The Selected Letters of George Oppen (1990) edited by Rachel Blau DuPlessis
  • Perhaps what I would like is a truly democratic culture. Not a polemic nor a moralistic culture in the arts but a culture which permits one man to speak to another honestly and modestly and in freedom and to say what he thinks and what he feels, to express his doubts and his fears, his immoral as well as his moral impulses, to say what he thinks is true and what he thinks is false, and what he likes and what he does not like. What I am against is that we should all engage in the most vigorous and most polemic lying to each other for each other's benefit. — Who could have the conceit, the self-confidence to believe that that is what we should do throughout all the rest of human history?
    • Letter to Charles Humboldt (mid-1962), p. 64

Quotes about Oppen[edit]

  • Oppen believes that “Poetry has to be protean; the meaning must begin there. With the perception.” In his notebooks he says that “the present, the sense of the present arrives before the words — and independent of them.” He paraphrases Jacques Maritain: “we awake in the same moment to ourselves and to things.” But even as he recognizes that neither the self nor the objects of the world can be seen apart from the world that contains them, Oppen does not obliterate their differences. He avows, “a blurring of the distinction between subjective and objective — There has been no instant in my life when such a blurring was possible for me/ for one thing: too much a carpenter: I know what a blue guitar is made of”.
  • Oppen writes in his notebooks, “I choose to believe in the natural consciousness, I see what the deer see, the desire NOT TO is the desire to be alone in fear of equality/ I see what the grass (blade) would see if it had eyes”. Instead of the traditional Western account of a consciousness that digests the external world, Oppen honors a consciousness interwoven with the world of objects, a consciousness that is nothing if not a collaboration with the world.
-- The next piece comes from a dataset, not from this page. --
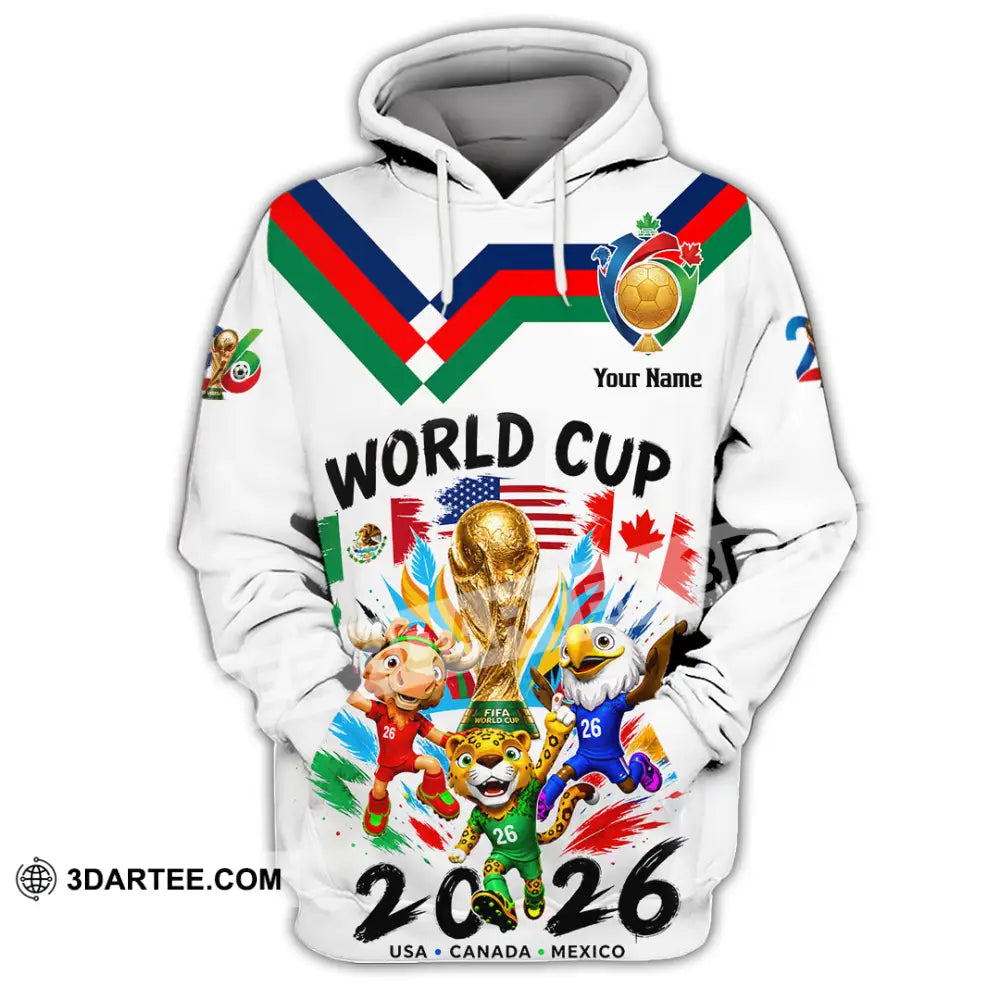 Unisex Shirt - Custom World Cup 2026 Shirt - Hoodie / S - T-shirt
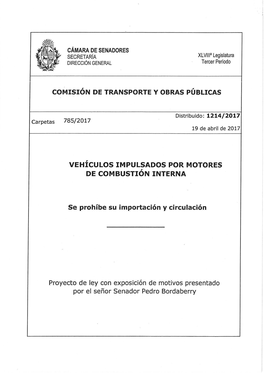 Vehículos Impulsados Por Motores De Combustion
    • Forrest Gander, in "Finding the Phenomenal Oppen", in A Faithful Existence: Reading, Memory, and Transcendence (2005)
  • In his poems, George Oppen wanted words to act out “truthful, lived experience.” His poetry is very literally a practice of perception. He even speaks of emotion “as the ability to perceive.” The syntax of an Oppen poem rivets our attention to both word and world in an enactment of intentional consciousness, the very act of perception and thought coming into being, of language and feeling arising as experience. His poems can be intricate, the syntax polyvalent, the disclosure nonlinear and difficult to render into anything like statement. And as such, his poetry might be considered an expression of life. As the Biblical Isaiah reminds us, “it shall be a vexation only to understand.” Clarity is not the same thing as simplicity.
    • Forrest Gander, in "Finding the Phenomenal Oppen", in A Faithful Existence: Reading, Memory, and Transcendence (2005)
  • I've gone back more and more to Creeley, Duncan, and Olson in recent years. More recently to George Oppen, Robin Blaser.